Voice of Women in Shirley Jackson's We Have Always Lived in the Castle
Jackson’s last completed novel and a best seller, We Have Always Lived in the Castle is her most radical statement on the causes and consequences of female victimization and alienation, a theme that runs throughout her work. When the book opens, masculine authority has already suffered a decisive defeat at the hands of Mary Katherine Blackwood, its narrator although the identity of poisoned is not revealed or confirmed until the climactic scene much later. The poisoning has resulted in a transfer of power from Blackwood men to Blackwood women. The motive of the poisoning is not clear at first, but we are given clues in the characterization of the victims throughout the narrative. Merricat follows strict rituals to get through her days. In fact, she plans how to furnish her house on the moon where she wants to live with her sister.
Merricat and her sister Constance are like night and day, different but complete. While Merricat is the uncivilized good woman with regenerative power, “a virtual handmaiden of nature, raising and canning fruits and vegetables, and tending flowers all over the estate,”322 and also caring for uncle Julian with patience. Merricat wanders in the wood all day, Constance, on the hand, does the household duties and welcomes Merricat in the evenings. She plays harp, which Merricat admires, and she can “put names to all the growing things.”323 Michael L. Nardacci makes an interesting observation regarding the two sisters. Even the women’s names are suggestive: Instead of civilized “Mary Katherine,” the narrator is usually called by the nickname that evokes a witch’s companion spirit- “Merricat” “Constance on the other hand, emerges as a character who is trying to keep link with the past, maintaining her home and its occupants in the same style.324
Throughout the novel, Merricat checks her position with Constance by saying, “I love you.” If Constance answers, Merricat is assured that no trouble exists between them and that their little, isolated world will continue on as usual (68). Merricat finds that the world in which she lives is not to her satisfaction; although her means of changing her situation (murder) is morally wrong, Merricat takes her world and fate into her hands, changing it in the only way she found available. Although Merricat spends most of the novel fighting to maintain the social structure she has created, she originally displayed her warrior state before the opening of the novel by retaliating against the patriarchy which had inhibited her. Merricat acts as warrior because she rids herself of those who try to dominate her without her approval. She not only fights her dragon (the familial domination) but she attacks it head on and without warning. Merricat is the only one of Jackson’s three characters who approaches her situation not by looking inward to try to fix herself but by looking outward and attacking the societal problem.

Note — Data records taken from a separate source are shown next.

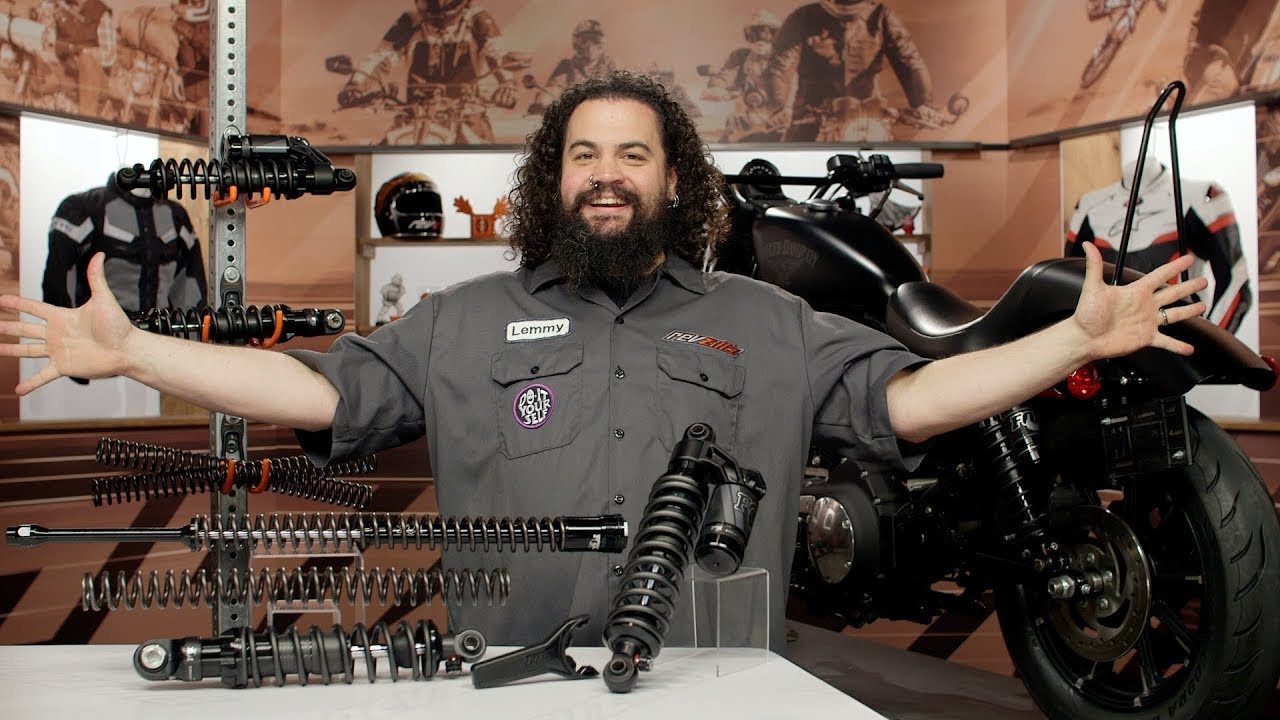 Fox Shox Suspension Review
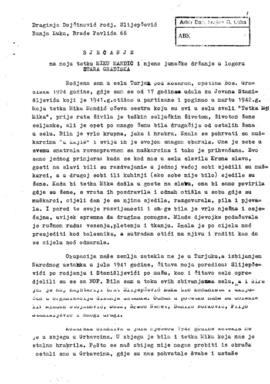 Драгиња Дојчиновић Слијепчевић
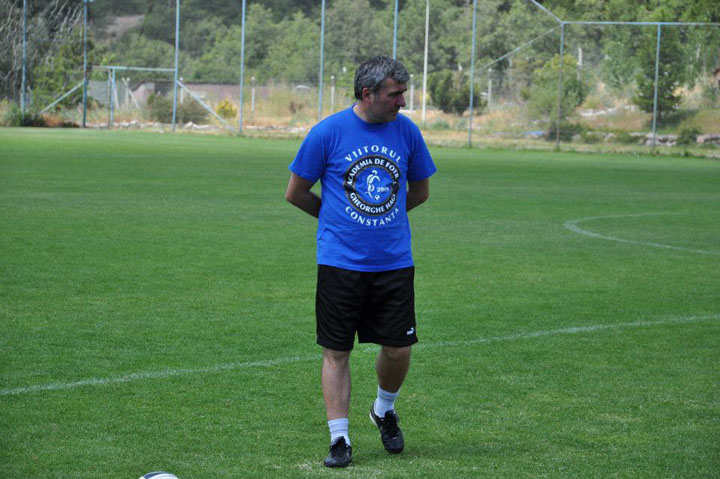 hagi 5454545445 - Ziarul National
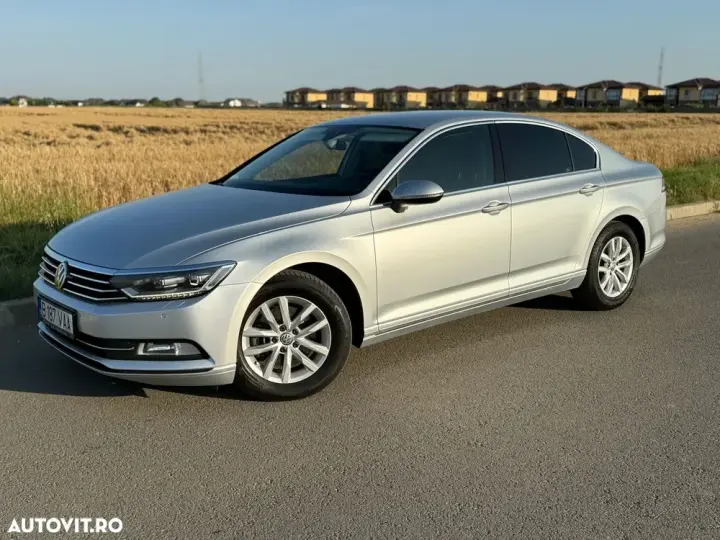 Volkswagen Passat 2.0 TDI Highline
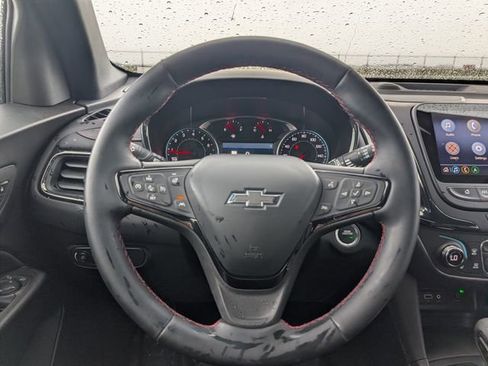 Certified 2024 Chevrolet Equinox RS w/ RS Leather Package image 19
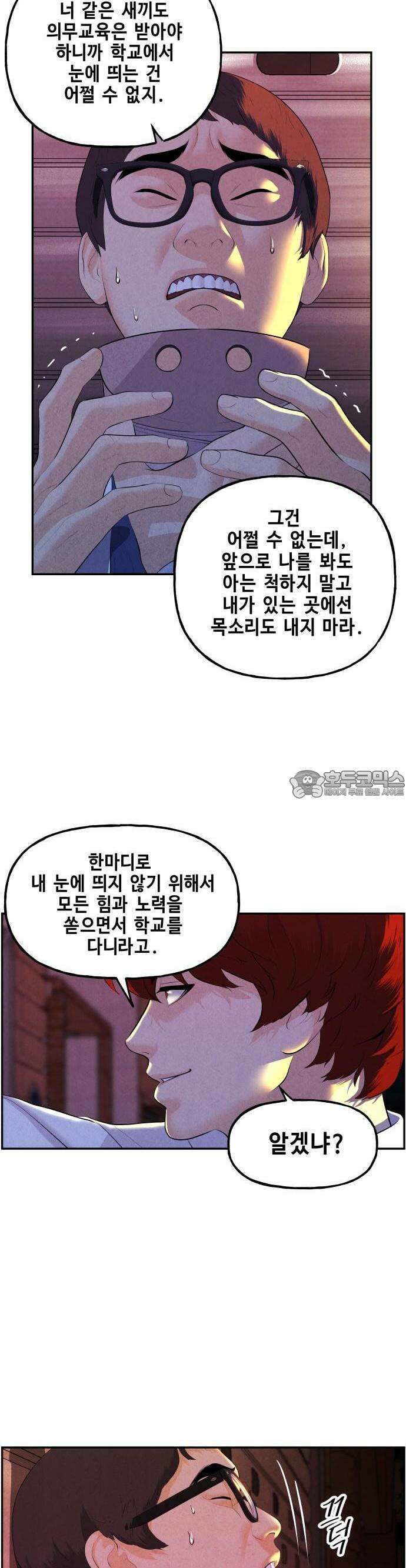 미래의 골동품 가게 131화 - 거북이 (3) 2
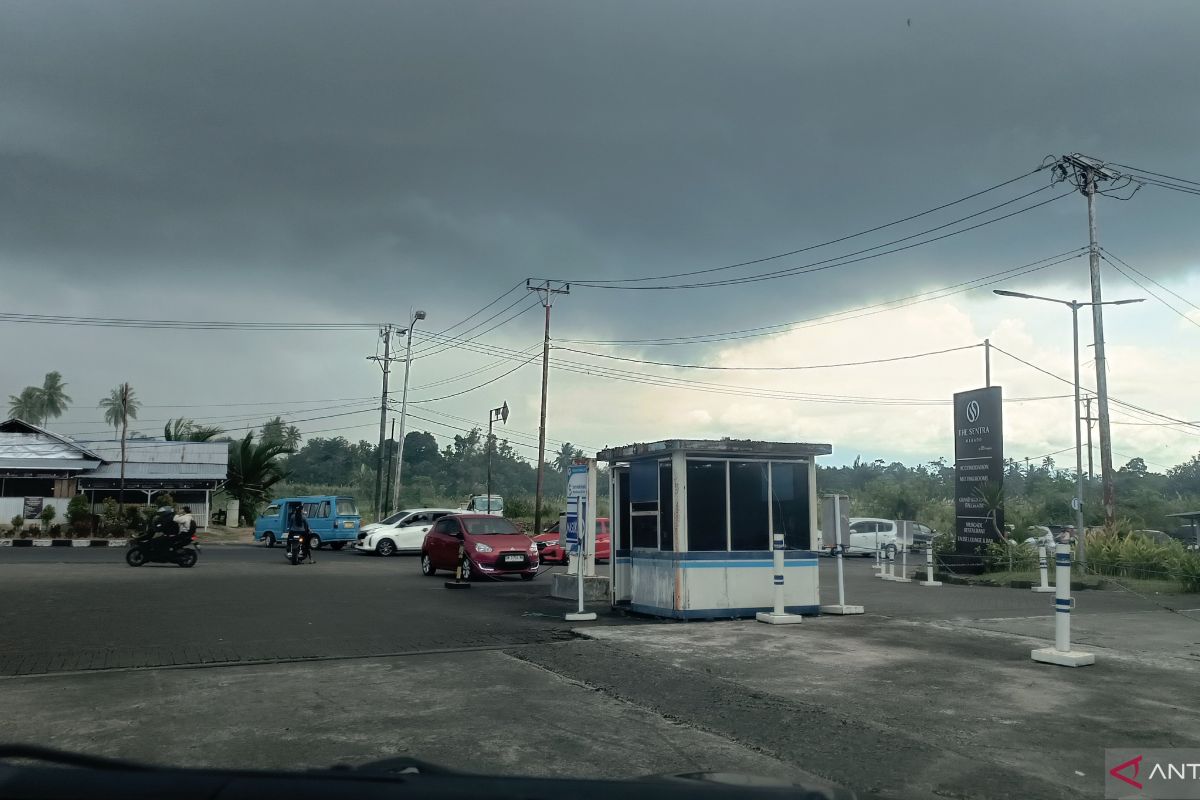 BMKG Batam Peringatkan Hujan Petir di Karimun Sabtu Pagi, 5 Kabupaten Kota Diguyur Hujan Ringan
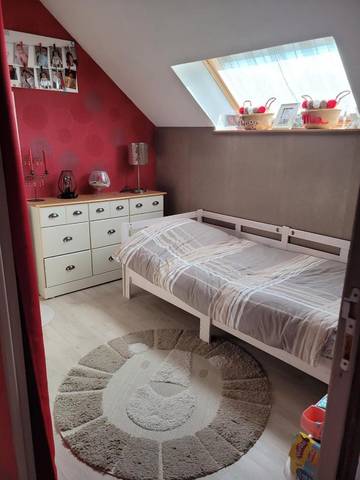 Cottage pour 3 personnes, avec terrasse à Aubigny-sur-Nère
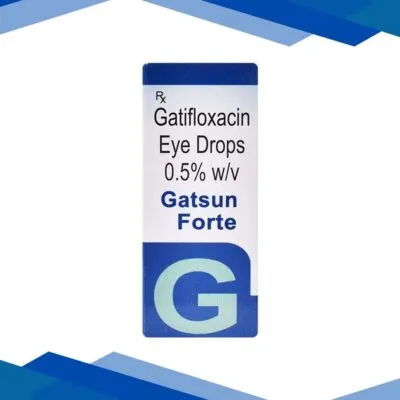 Gatsun Forte Eye Drops 5ml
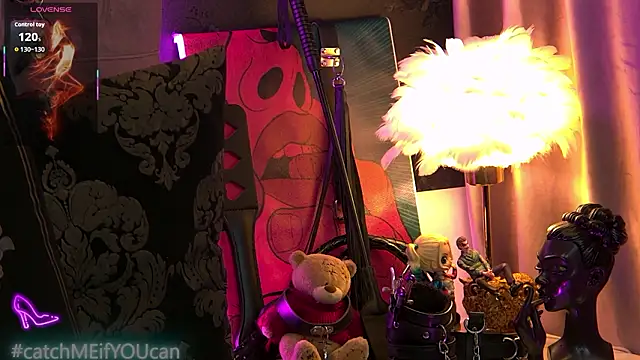 ZoeMesmerize online show from 02.26.26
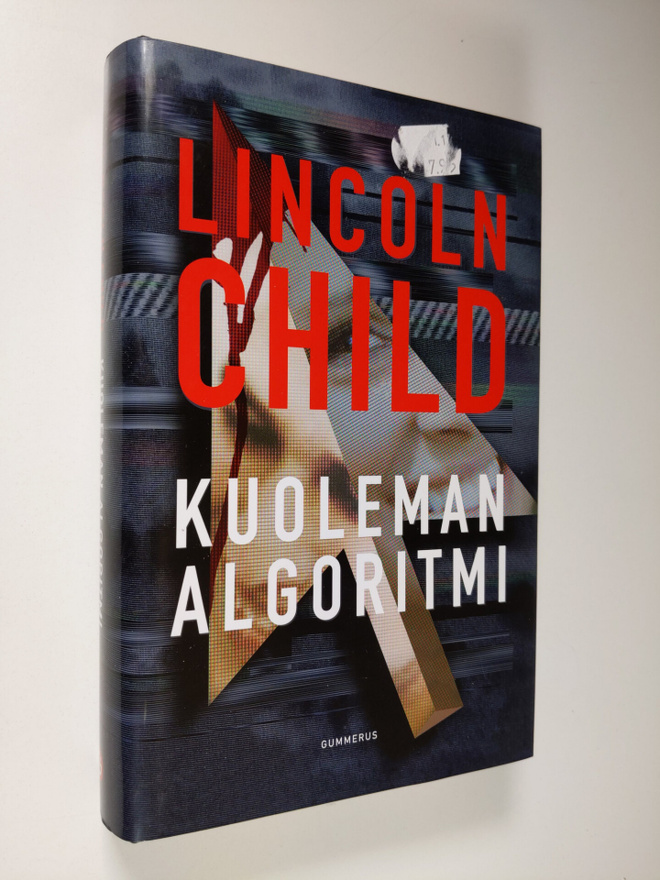 Lincoln Child : Kuoleman algoritmi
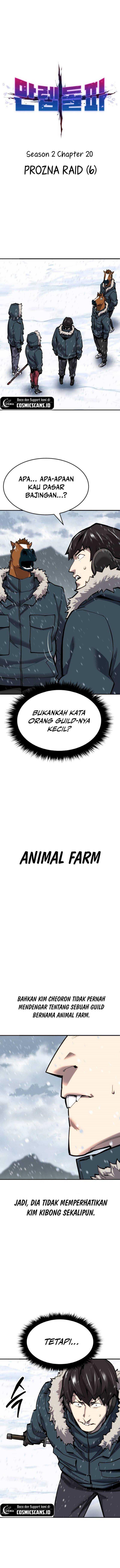 Limit Breaker - Chapter 99 3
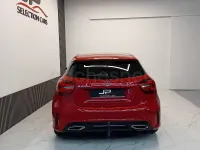 Usado Mercedes A200 150 CV (110 kW) 2018 Rojo Berlina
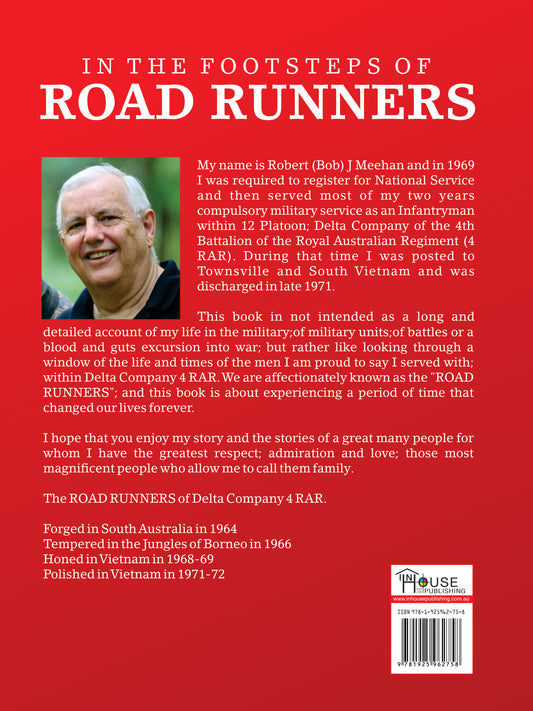 In the Footsteps of Road Runners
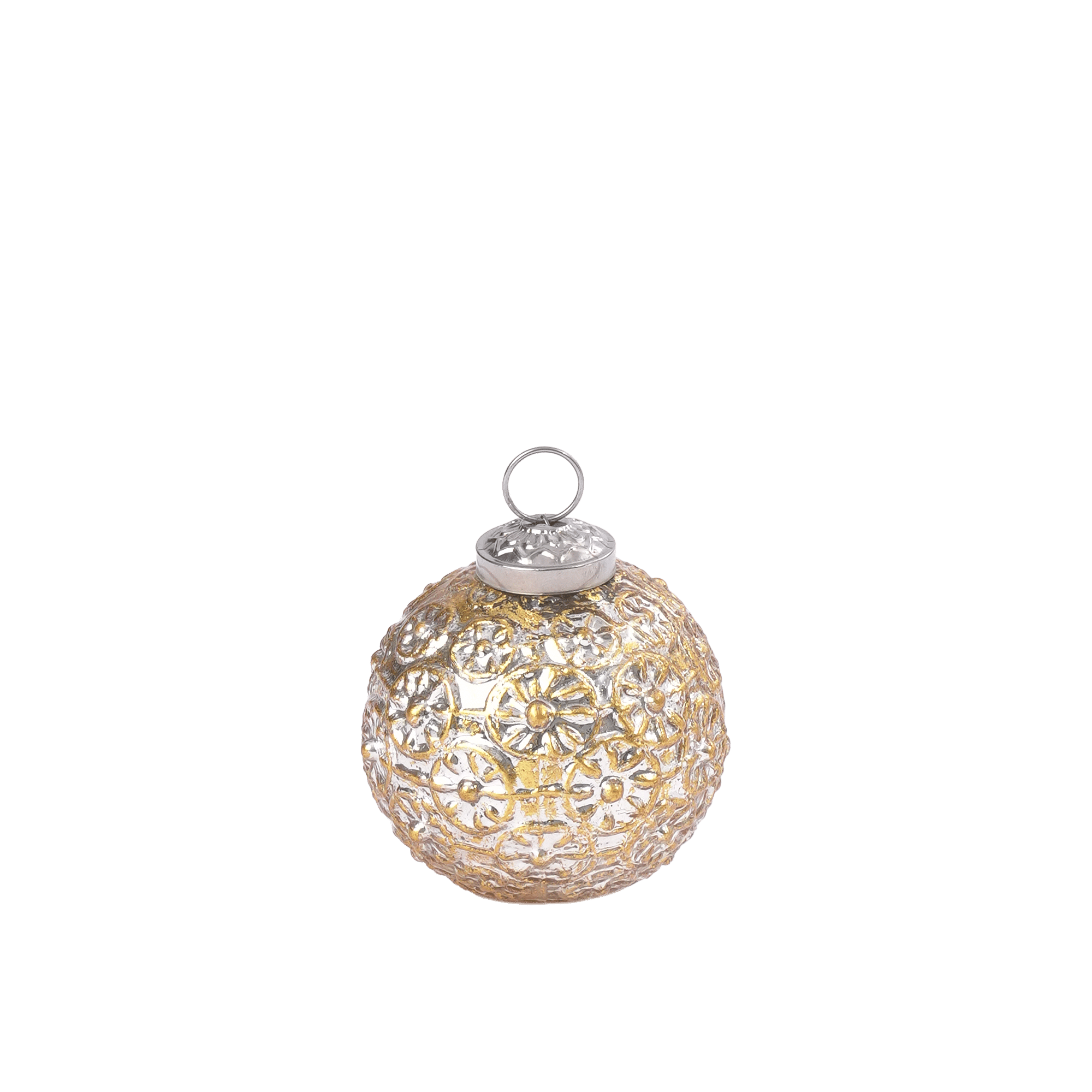 Christmas Ornament Rosette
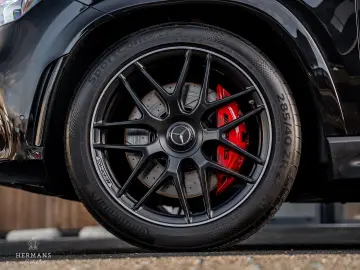 MERCEDES-BENZ GLE 53 AMG Coupé 4MATIC    Org. NL   Burmester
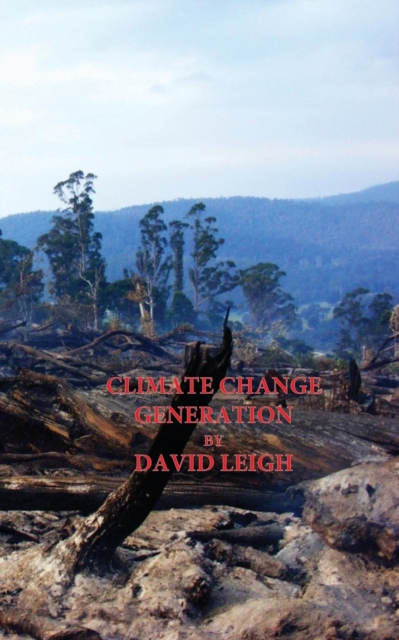 Climate Change Generation, Paperback / softback Book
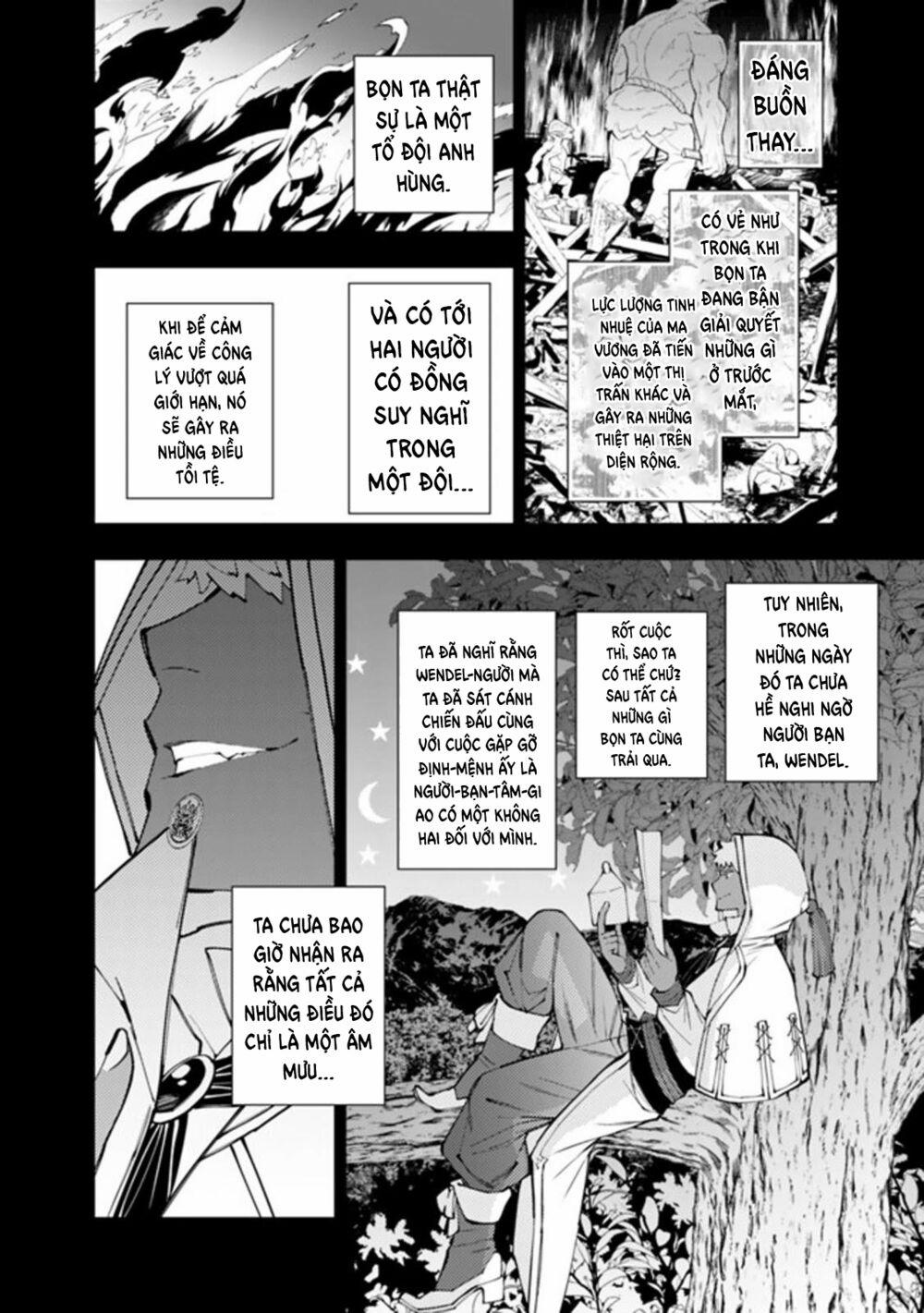 Sự Trỗi Dậy Của Anh Hùng Hắc Ám 41 trang 12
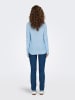ONLY Pullover in Hellblau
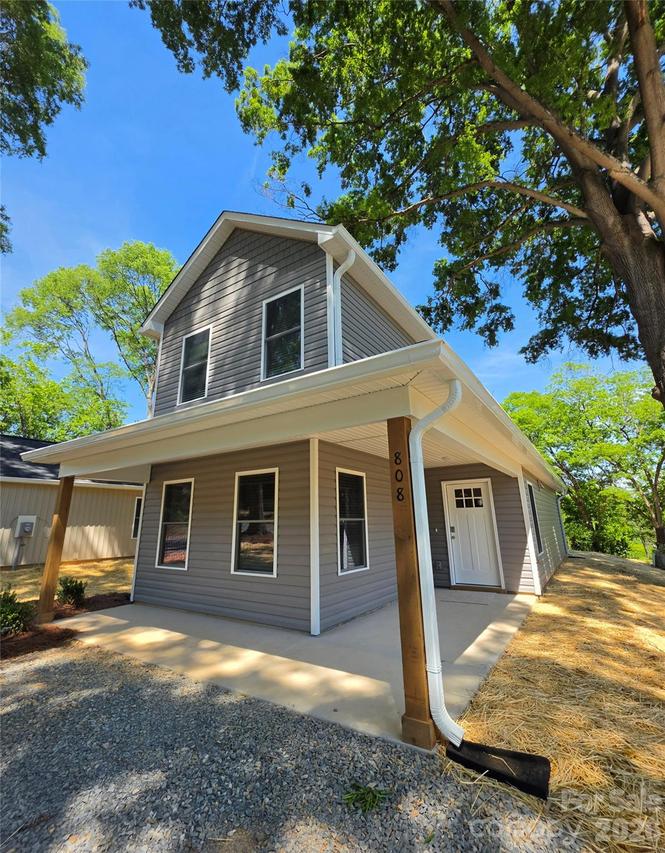 808 Long St. #Lot 2, Albemarle, NC 28001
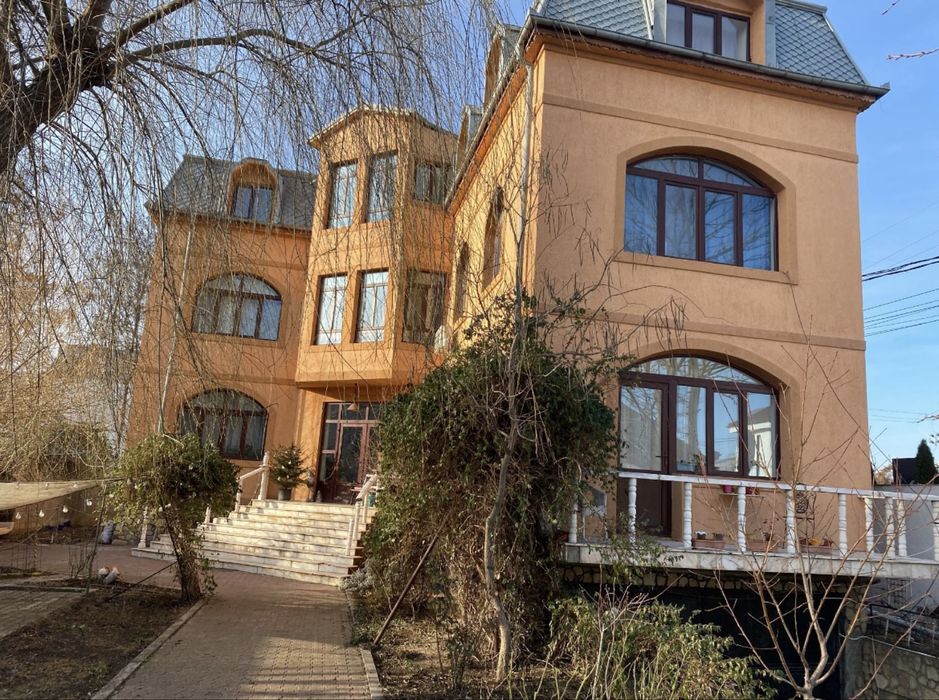 Vila / spatiu comercial de inchiriat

The novel ends with Merricat’s second successful battle against the patriarchy. Even though Jackson ends her story with a reestablishment of the new female ruling class, the structure is obviously not our which would appeal to many people. But is it better than being dominated by men? Jackson may be saying yes simply by ending the story in that light. However, We Have Always Lived in the Castle does say for certain that while the patriarchy leads many women to crumble under its power, some women fight back and actually succeed in staving off the effects of that society’s structure.
- Docherty, Brain. Introduction: Horror, the Doul of the Past. American Horror Fiction. Ed. Brain Docherty. New York: St. Martin’s press, 1990.
- Jackson, Shirley. We Have Always Lived in The Castle, New York: Penguin Books, 1948.
- Nardacci, L. Micheal. Theme, Character, and Technique in the Novel of Shirley Jackson. New York. 1979.
- Parks, John G. Chambers of Yearning: Shirley Jackson’s Use of the Gothic in Twentieth Century Literature, 1984.